The new purported law’s designers have denied any wrongdoing, insisting that the maximum prison sentence of 20 years would never be imposed on an average person.
However, this seems to be a weary step towards something that could contravene privacy and individual rights given by legislation like the EU’s General Data Protection Regulation, or GDPR.
Changes that are reportedly soon to come
It has been reported that the CEO of TikTok will soon make a commitment to safeguard the safety of the app’s users in the United States, likely widening this out to other countries like the UK.
Senator Warner emphasised that the bill’s target audience is corporations like Kaspersky, Huawei, and TikTok that pose systemic threats to U.S. national security rather than individual individuals.
However, due to the bill’s vague wording, this situation is still possible.
According to EFF’s analysis, the Act gives the Department of Commerce the authority to take “mitigation measures” (without specifying what those measures would be) and to penalize those who “evade” them.
While the present administration has said it has no interest in pursuing consumers, loopholes left by these imprecise definitions might be used in the future.
The Electronic Frontier Foundation (EFF) argued that Congress should make this punishment wording stricter to ensure that no one may be prosecuted for using an app.
Online rights at risk
The RESTRICT Act has been criticised on the grounds that it might endanger the digital liberties of all Americans.
To begin, the Bill’s Section 12 prevents MPs from explaining their decision-making process. The public would have no idea whether there are valid grounds to prohibit applications like TikTok. As a result, it will be impossible to question government actions, which is essential for any democracy.
Citizens’ right to free speech will be limited, and internet censorship will be heightened, as the US government gains additional authority to determine whether a foreign technology may function on US land.

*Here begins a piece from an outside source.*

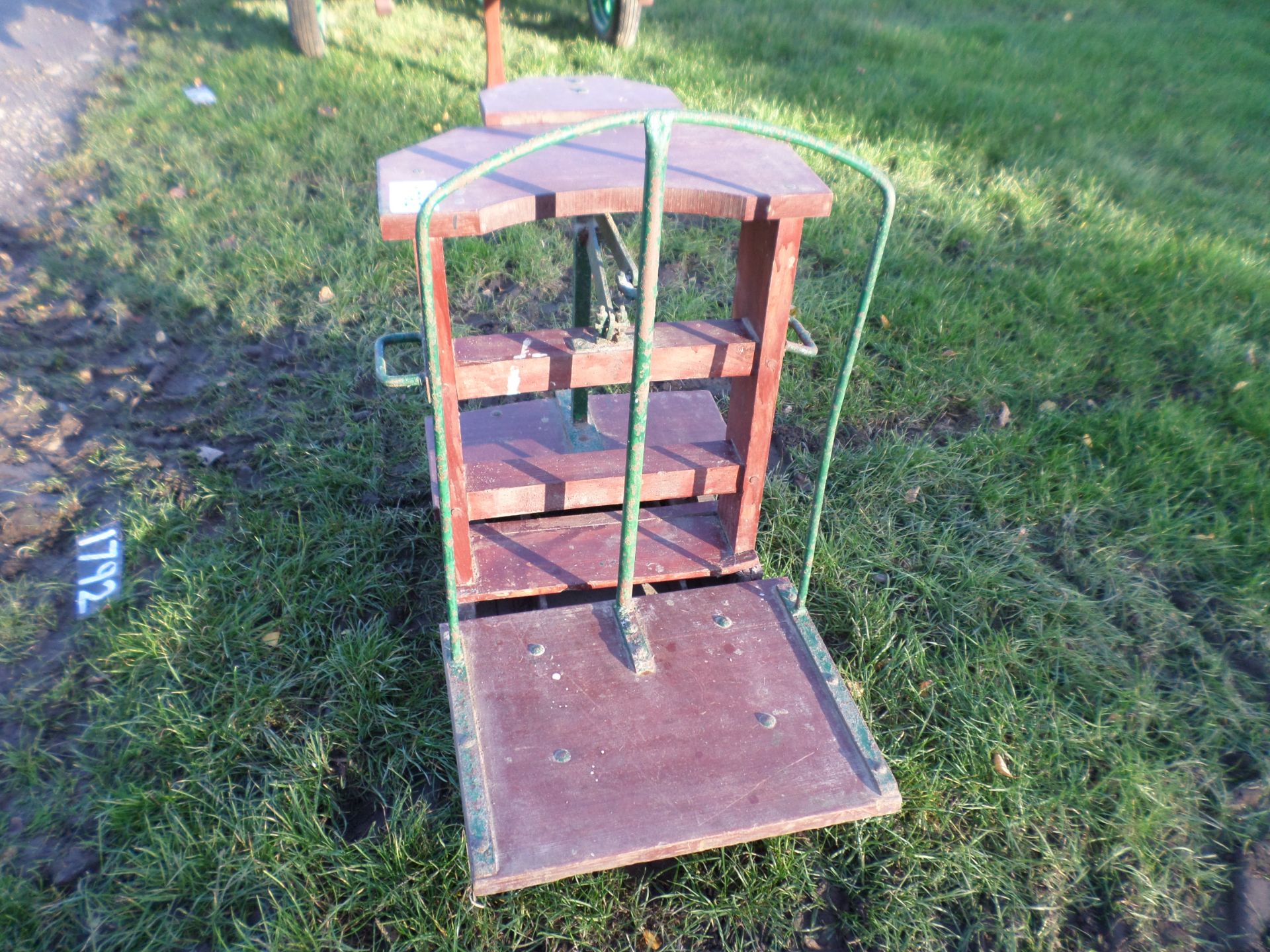 Vintage weigh scales NO VAT - Image 3 of 3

Experts say that this not only undermines people’s rights but also makes it harder for the United States to denounce such actions by its opponents abroad.
The Electronic Frontier Foundation argued that unfettered access to information—even if it comes from your enemy—is fundamental to a functioning democracy (Tools to Protect Your Privacy Online).
Conclusion: So, now what?
While the RESTRICT Act was established with the intention of improving upon the current “whack-a-mole” approach to dealing with potentially disruptive new technology, it has instead garnered a great deal of criticism in its short time on the books.
In addition to the aforementioned problems impacting the general population of the United States, several observers have voiced worry about the practicalities of implementing such regulations in the present-day IT industry.
Even the greatest American corporations, like Apple, have operations abroad in places like China, the United States’ No. 1 adversary.
The Act is now making its way through Congress, but it has yet to pass the Senate and reach President Biden’s desk. However, many people think that the actual focus should be on enacting strict data privacy regulations like the ADPPA.
In addition, the EFF urged citizens to contact their representatives in opposition to the bill, arguing that if Congress is truly worried about foreign powers using and collecting our data, it should prioritise detailed data privacy laws to protect data regardless of the platform on which it is stored.
If social media platforms are not authorised to gather, store, or sell user data, then our data will be safe from foreign foes.